Open nwoyecid opened 1 year ago
This error occurs only during inference/evaluation and not during training.
I can infer fine, can you share the code ?
I guess there could be many factors for occurrence of the OOM error:- Like if you are using techniques like beam search in NLP models or large batch sizes for evaluation. Secondly, Memory fragmentation can lead to inefficient use of GPU memory. Try using this:-
import torch
torch.cuda.set_per_process_memory_fraction(0.9) # Adjust the fraction as needed
torch.backends.cuda.matmul.allow_tf32 = True # Enabling TF32 precision to save memory
or you may even try to clean up the cache before starting inference by this:-
import torch
torch.cuda.empty_cache()
provide the code for more detailed help Thanks
I have OOM error during inference but not during training.

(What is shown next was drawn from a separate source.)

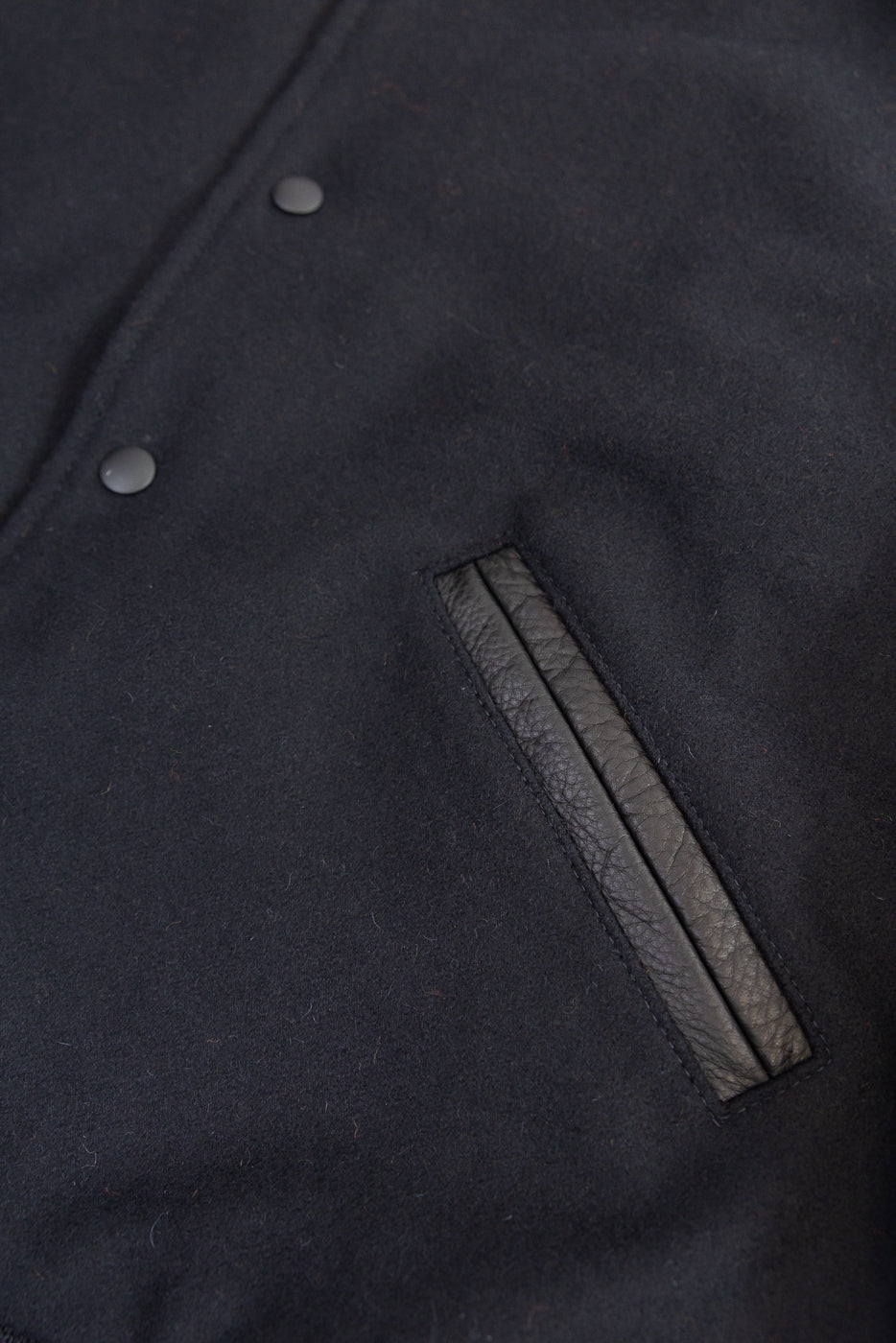 close up of black leather welt hand warmer pocket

This happens even with batch size of 1 and even with increasing the GPU memory.
torch.cuda.OutOfMemoryError: CUDA out of memory. Tried to allocate 11.25 GiB (GPU 0; 44.42 GiB total capacity; 36.96 GiB already allocated; 3.95 GiB free; 38.83 GiB reserved in total by PyTorch) If reserved memory is >> allocated memory try setting max_split_size_mb to avoid fragmentation. See documentation for Memory Management and PYTORCH_CUDA_ALLOC_CONF
I think its not OOM issue but something wrong with the Trainer increasing reserving memory.